Recordo as imagens e volto a sentir o estômago a pressionar a respiração. Teria catorze anos, já estava habituado a sentar-me sozinho no cinema. Foi no Batalha, por isso sobrava espaço à minha volta e na minha cabeça. Sailor e Lula cantavam e dançavam canções de Elvis e dos Motorhead, na sua sui generis versão de um Verão de amor. Eram perseguidos pela Bruxa má do Oeste (a mãe, na imagem). Os rostos eram os de Laura Dern, Nicholas Cage (difícil de acreditar que é o mesmo, sobrinho de Coppola), Diane Ladd (mãe de Laura, mulher de Bruce Dern, prima de Tennessee Williams), Isabella Rosselini (filha de Ingrid e Roberto, mulher do realizador, à época), ou William Dafoe (homem do teatro). Um clã de nobres genealogias, portanto, reunido sob a estranha batuta de David Lynch, que representa sozinho uma visão de cinema ainda sem descendência e que remete tanto para Buñuel como para George Méliès.

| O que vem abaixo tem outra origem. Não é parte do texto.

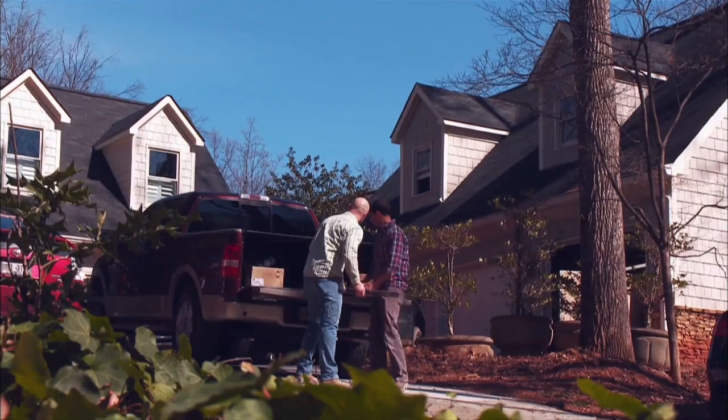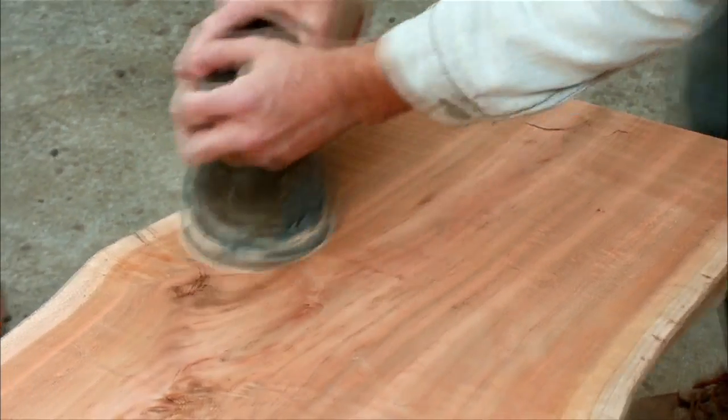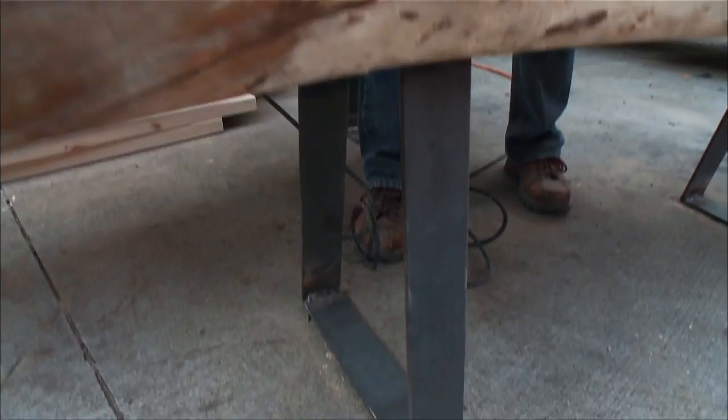Making a bench out of natural wood can be very easy. You can go to a local lumber yard, whatever you have at your disposal, get some sandpaper or a power sander, and just ease the edges. All we got to do is just sand it, cut it to the right width, throw some metal legs on it.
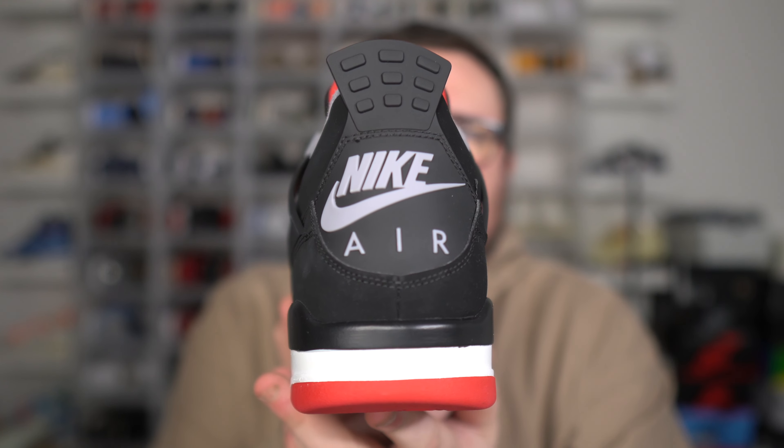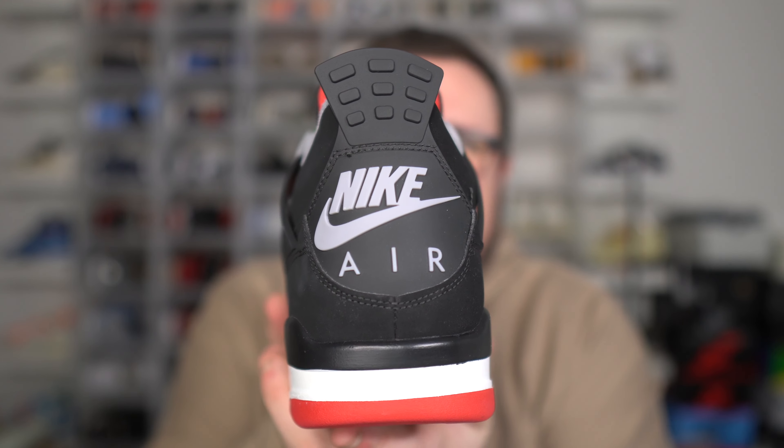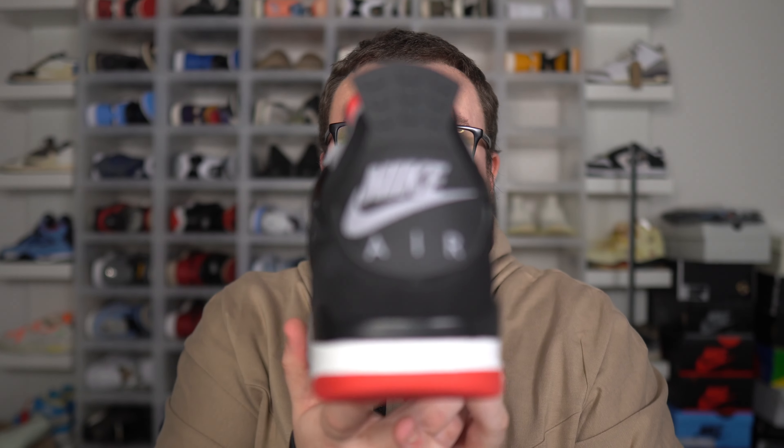It's giveaway time. I'm giving away a pair of Air Jordan 4 Bread Reimagines to one of my subscribers watching this video. To enter, smash that like button and get this video up to 500 likes. Leave a comment with your size, take a screenshot, and DM me on Instagram at Danny Moore 2369 with proof that you subscribed. This giveaway ends at the end of this month, and the winner will be announced in a YouTube video at the beginning of next month.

Ecrã negro. Grande plano: um fósforo acendeu em toda a tela, como que a avisar que quem entrasse na história tinha que se preparar para arder com ela. O coração era um selvagem reticente que procurava abrigos onde pudesse combater a sua própria combustão.
A semântica do casal

"Cenas da vida conjugal". O filme que todos os pais deveriam mostrar aos filhos (ou deverei dizer antes as mães às filhas) antes de estes se porem com ideias matrimoniais. Nos idos de setenta e tal do século XX, dois actores no seu apogeu - a extraordinária Liv Ullman e o excelente Erland Josephson - dirigidos pelo seu mestre habitual, Ingmar Bergman, dissecavam até à medula a dolorosa experiência da vida em comum. Composto por vários capítulos - Inocência e pânico; A arte de fazer como a avestruz; Paula; O Vale de lágrimas; Os analfabetos; e No meio da noite numa casa às escuras algures no mundo - retrata o processo de dissolução de um casal após dez anos de casamento, através de diálogos estarrecedores e envolventes grandes planos, que procuram fazer o espectador mergulhar naquela intimidade emocional. Parece impossível voltar a assistir à mesma capacidade de enfrentar a crueza das verdades escondidas pelo quotidiano da vida a dois, seguramente não com esta intensidade e respiração, que atribui um significado a todos os silêncios e inflexões de voz. Não é extraordinário realizar quantos significados podem ter pequenas expressõs diárias como "então que fizeste durante o dia?".
Trinta anos depois reencontramos Marianne e Johan, o casal de protagonistas, em "Saraband", mas os propósitos são outros. Da ilha de Farö, na Suécia, para o resto do planeta.
Balada da lula e da baleia

De regresso a uma sala de cinema, passados uns bons dois meses, pelas nossas contas. As alternativas em cartaz não encorajavam a saída e o calor convidava a outras andanças. Felizmente a temperatura esteve do nosso lado, e lá fomos ver A Lula e Baleia, por sugestão do marido. É um filme simpático, sai-se da sala com essa impressão. Não mexe com o estômago, mas é inteligente, bem escrito e com um punhado de boas interpretações (sempre gostei do ar de looser do Jeff Daniels, aqui com um papel à altura, uns vinte anos depois de "Selvagem e Perigosa", de um na altura mais promissor Jonnathan Demme). Há algumas piscadelas de olho cinematográficas e outras prendas para nostálgicos dos anos 80, altura em que se desenrola a acção. Há pontos em comum com outro filme onde Noah Baumbach esteve envolvido como escritor, mas também com outros trabalhos da fornada dos filhos dos baby boomers (Sofia Coppola, Spike Jonze ou Wes Anderson à cabeça): a desagregação da família nuclear, as dores do crescimento, os complexos (édipo e electra, entre outros) e a procura de genealogias afectivas, mas também o recurso a uma sonoridade e imagética que nos transportam para um tempo em que julgávamos que tudo morria aos 30 anos de idade. "On n'est pas serieux quand on a 17 ans"?